Now you can use your favorite tree estimation software to estimate gene trees for each of these supergenes. The .part files can be used for a strongly recommended partitioned analysis (e.g. using RAxML).

Step 6:

Run your supergenes through your favorite summary method (e.g. ASTRAL, MP-EST, etc.). For doing this, you might want to 1) use MLBS, and 2) weight each bin by the number of genes put in that bin. See notes below for both of these extra steps.


Notes:

  • MLBS: If you would like to run a multi-locus bootstrapping (MLBS) pipeline, once you created the supergene alignments, you need to run a bootstrapped analysis for each bin in step 5 and get bootstrapped gene trees. You can then use your own scripts for building replicate inputs to the summary method, or you can use scripts we provide in this github repository.

  • Weighting: In step 6, you could weight each bin by its size. That is, you can repeat the supergene tree by the size of the bin. This is the strongly recommended approach, as our new currently-under-review manuscript suggests. To do this weighting, you need to replicate each gene tree by number of lines in the .part file generated for each supergene. Our multi-locus bootstrapping code has an option for weighting. Even if you are just using maximum likelihood gene trees (as opposed to MLBS), you can run our MLBS code with 1 replicate and giving it weight files, and it will create a weighted input file that you can then use.

  • Randomizing: In step 3, we first make a list of genes and then use this list as input to the graph coloring code. As stated in our paper, there is a randomness inherent in our binning approach, related to how ties are broken when sorting bin sizes. The order of the genes in the input file to the coloring code (here, the file called genes) determines how these ties are broken. Thus, for a given order of genes, our coloring code is deterministic.
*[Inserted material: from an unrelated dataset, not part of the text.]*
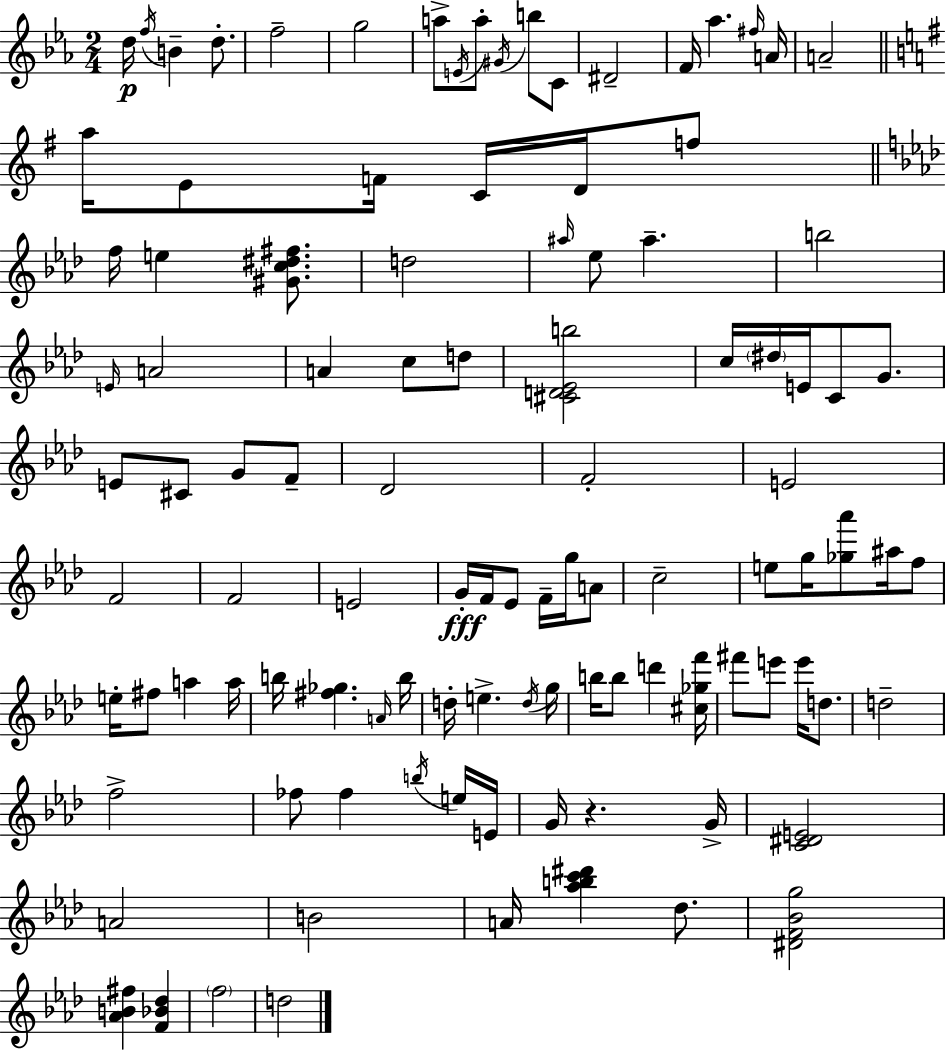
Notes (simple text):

D5/s F5/s B4/q D5/e. F5/h G5/h A5/e E4/s A5/e G#4/s B5/e C4/e D#4/h F4/s Ab5/q. F#5/s A4/s A4/h A5/s E4/e F4/s C4/s D4/s F5/e F5/s E5/q [G#4,C5,D#5,F#5]/e. D5/h A#5/s Eb5/e A#5/q. B5/h E4/s A4/h A4/q C5/e D5/e [C#4,D4,Eb4,B5]/h C5/s D#5/s E4/s C4/e G4/e. E4/e C#4/e G4/e F4/e Db4/h F4/h E4/h F4/h F4/h E4/h G4/s F4/s Eb4/e F4/s G5/s A4/e C5/h E5/e G5/s [Gb5,Ab6]/e A#5/s F5/e E5/s F#5/e A5/q A5/s B5/s [F#5,Gb5]/q. A4/s B5/s D5/s E5/q. D5/s G5/s B5/s B5/e D6/q [C#5,Gb5,F6]/s F#6/e E6/e E6/s D5/e. D5/h F5/h FES5/e FES5/q B5/s E5/s E4/s G4/s R/q. G4/s [C4,D#4,E4]/h A4/h B4/h A4/s [Ab5,B5,C6,D#6]/q Db5/e. [D#4,F4,Bb4,G5]/h [Ab4,B4,F#5]/q [F4,Bb4,Db5]/q F5/h D5/h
But the arbitrary order of genes can make a difference in the bin formation. We suggest that when computionally feasible, you randomize this genes file (e.g. by using the command ls| grep -v ge|sed -e "s/.50$//g"|sort -R > genes) to produce various possible ways of binning and see what parts of the tree are robust to these random choices.
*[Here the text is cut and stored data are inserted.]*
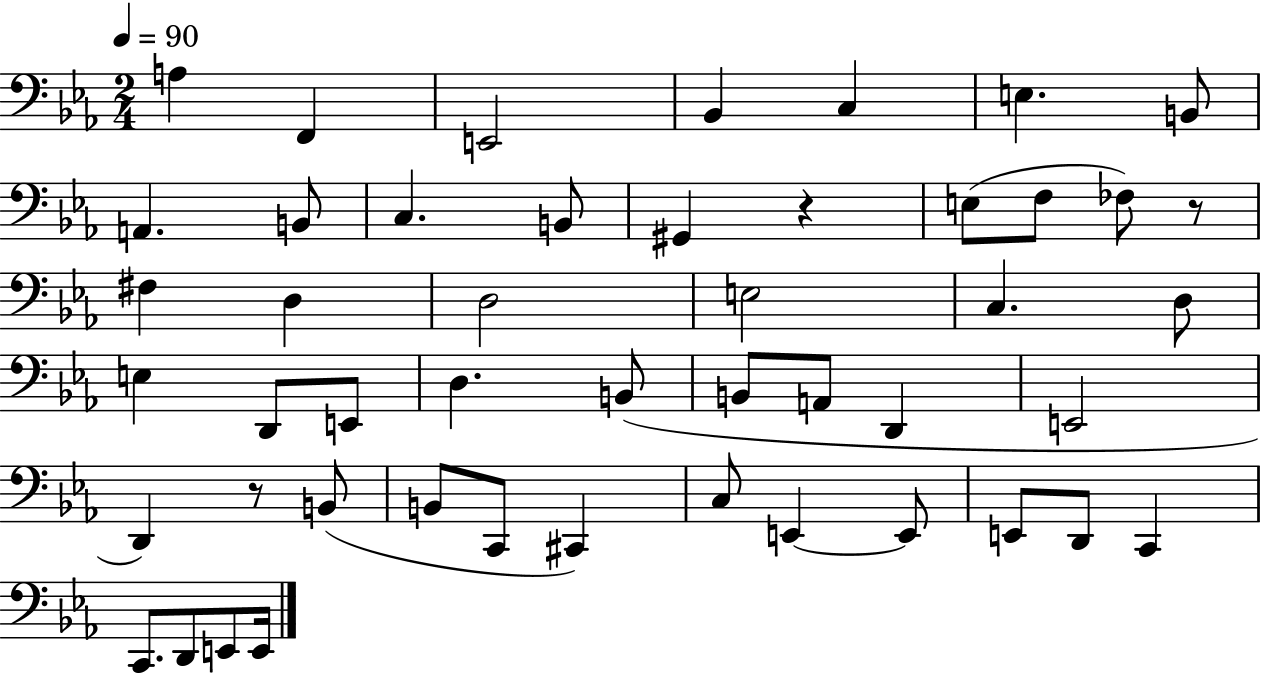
X:1
T:Untitled
M:2/4
L:1/4
K:Eb
A, F,, E,,2 _B,, C, E, B,,/2 A,, B,,/2 C, B,,/2 ^G,, z E,/2 F,/2 _F,/2 z/2 ^F, D, D,2 E,2 C, D,/2 E, D,,/2 E,,/2 D, B,,/2 B,,/2 A,,/2 D,, E,,2 D,, z/2 B,,/2 B,,/2 C,,/2 ^C,, C,/2 E,, E,,/2 E,,/2 D,,/2 C,, C,,/2 D,,/2 E,,/2 E,,/4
  • Partitioned analyses: Please use a partitioned analysis to get your gene trees. Note that we recommend that, when computationally feasible, you should use the -M in RAxML to enable a full partitioned analysis with re-estimation of branch lengths in addition to the GTR rate matrix and Gamma alpha parameter.

Acknowledgment

In our pipeline, we use few scripts developed by others:

  1. Our graph coloring code is a modification of a Java code by Shalin Shah.
  2. Our compatibility code is based on an older versions of phylonet with some reverse-engineering and code modifications to increase speed and fix bugs.